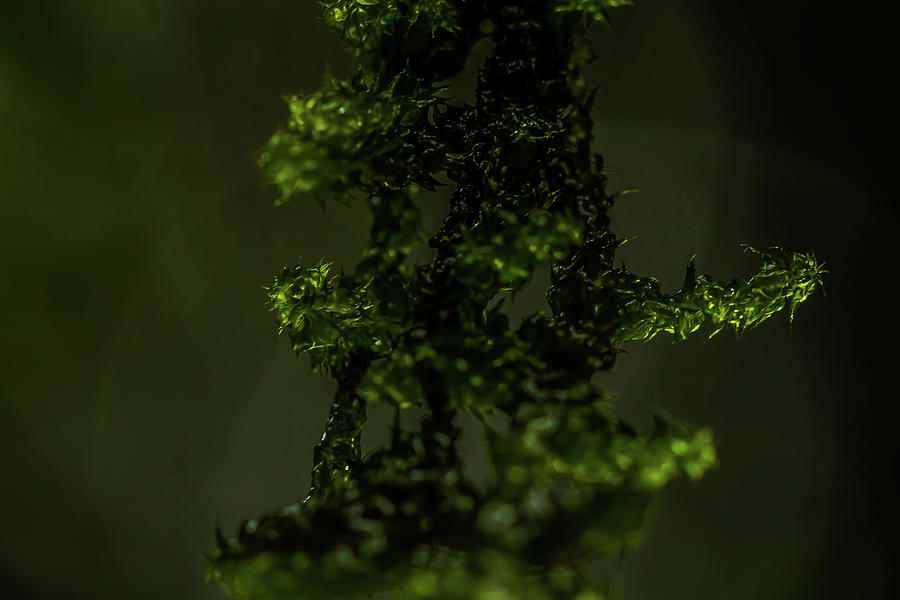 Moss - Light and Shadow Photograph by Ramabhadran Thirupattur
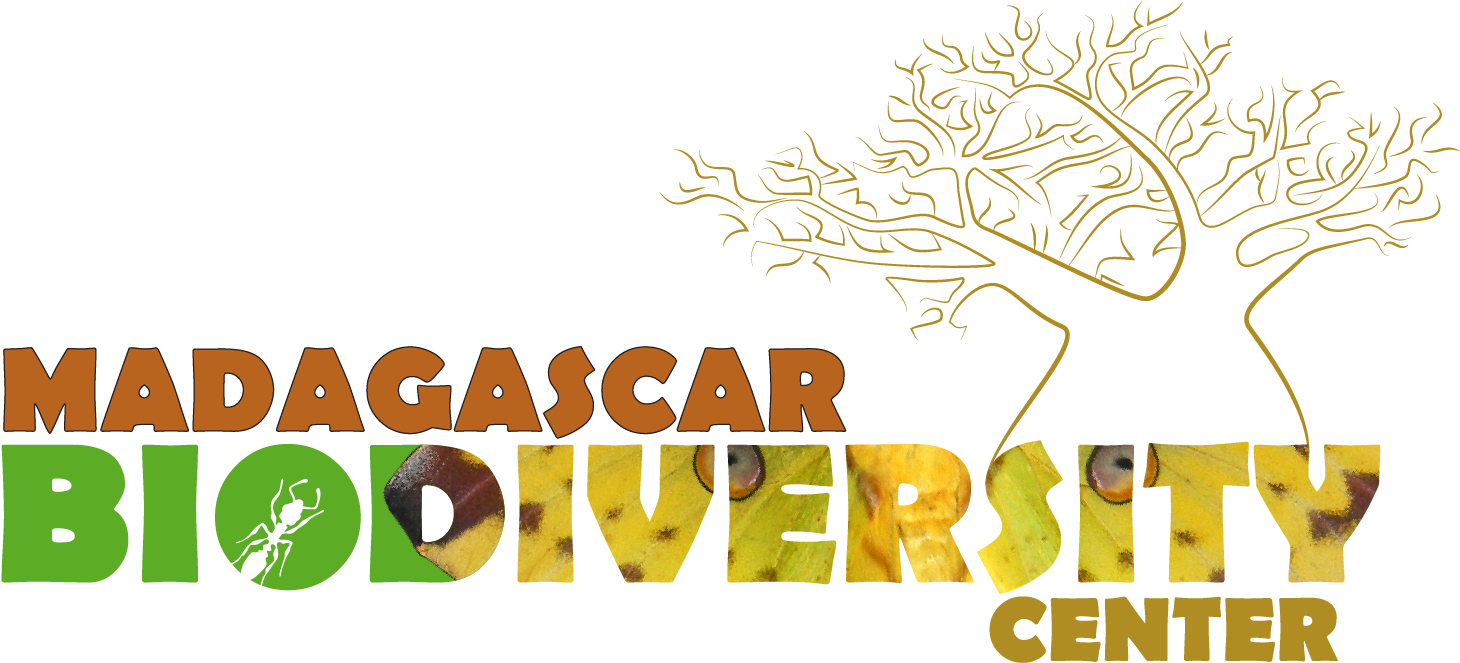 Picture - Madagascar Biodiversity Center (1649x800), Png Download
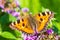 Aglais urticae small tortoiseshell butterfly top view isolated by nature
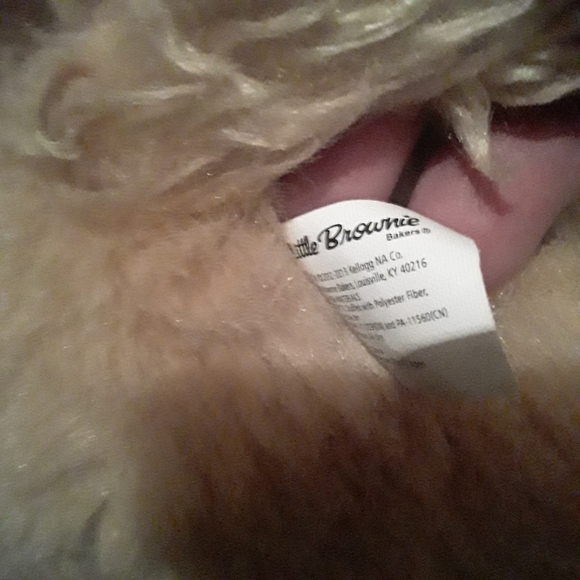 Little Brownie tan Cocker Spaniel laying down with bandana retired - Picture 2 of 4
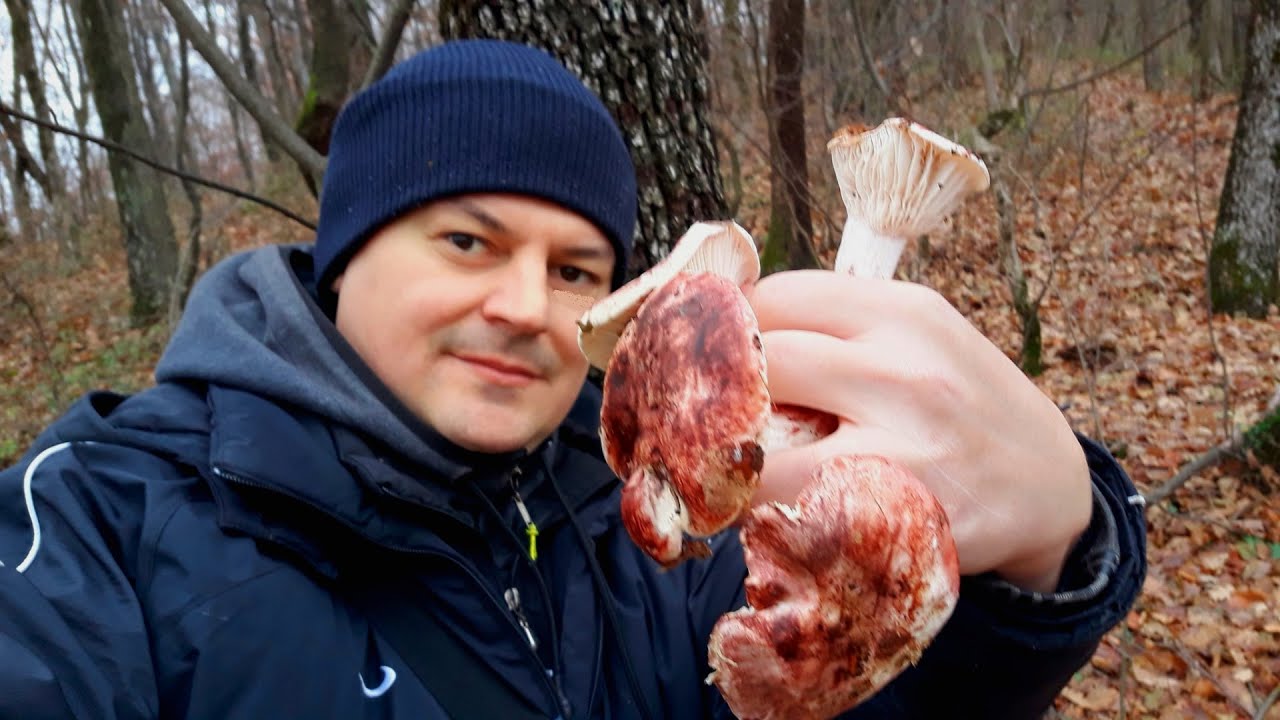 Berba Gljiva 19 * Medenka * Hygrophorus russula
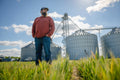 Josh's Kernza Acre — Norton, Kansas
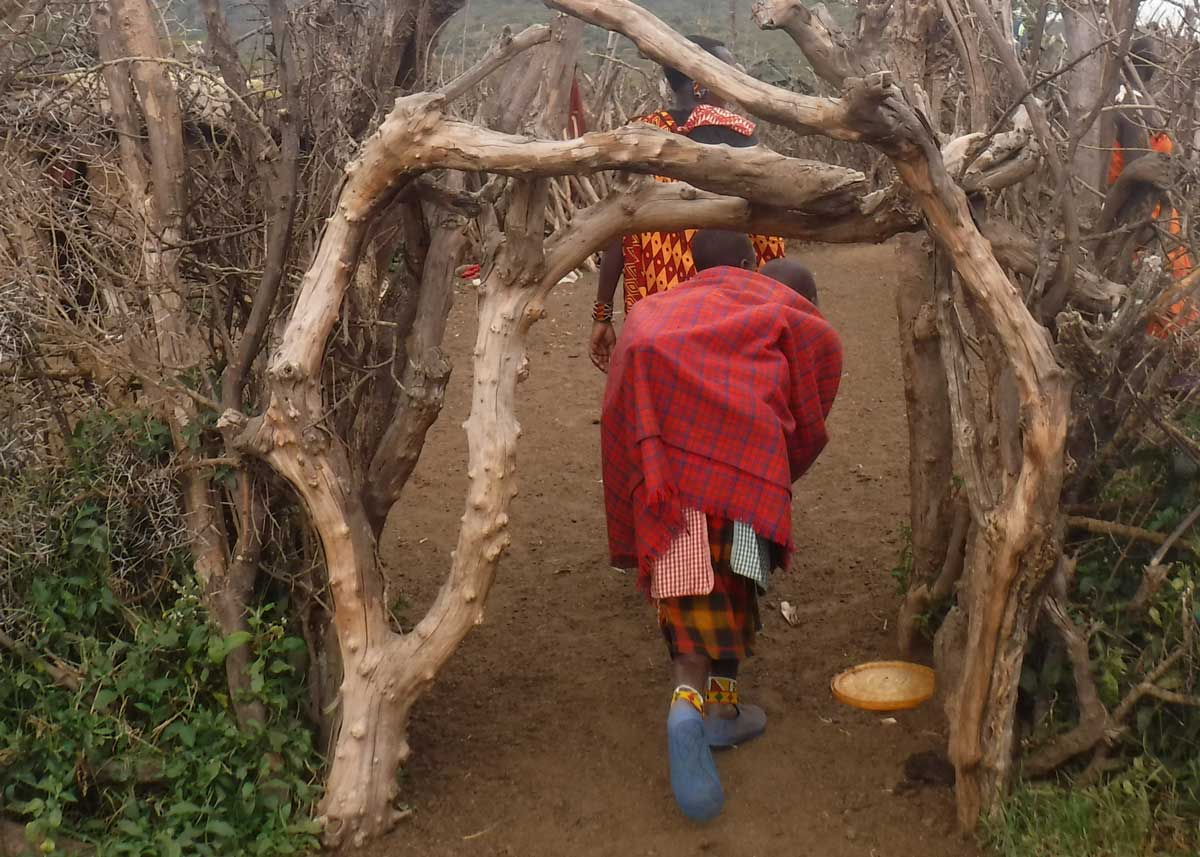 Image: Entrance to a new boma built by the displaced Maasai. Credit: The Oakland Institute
---
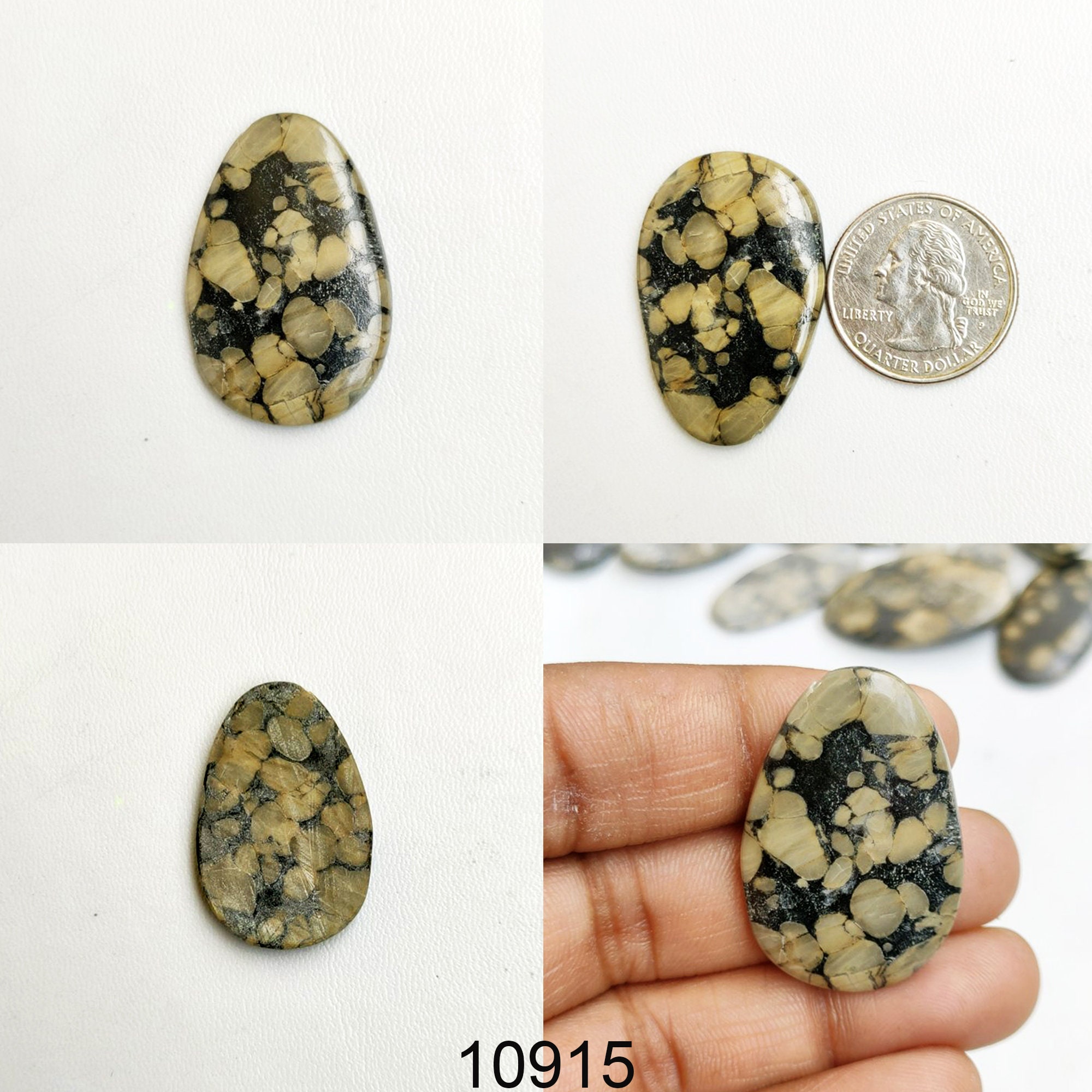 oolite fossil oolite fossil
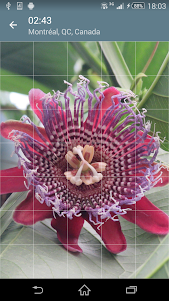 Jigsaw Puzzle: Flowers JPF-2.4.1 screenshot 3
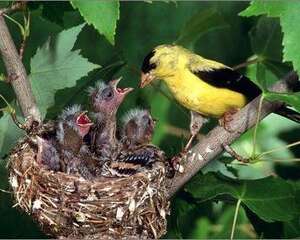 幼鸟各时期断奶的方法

What to do:
Your reply should consist solely of the lines above from the line containing "Aglais urticae small" up to and including the line containing "Image: Entrance to", reproduced exactly, minus the pictures.

Solution for this task:
 Aglais urticae small tortoiseshell butterfly top view isolated by nature
 Little Brownie tan Cocker Spaniel laying down with bandana retired - Picture 2 of 4
 Berba Gljiva 19 * Medenka * Hygrophorus russula
 Josh's Kernza Acre — Norton, Kansas
 Image: Entrance to a new boma built by the displaced Maasai. Credit: The Oakland Institute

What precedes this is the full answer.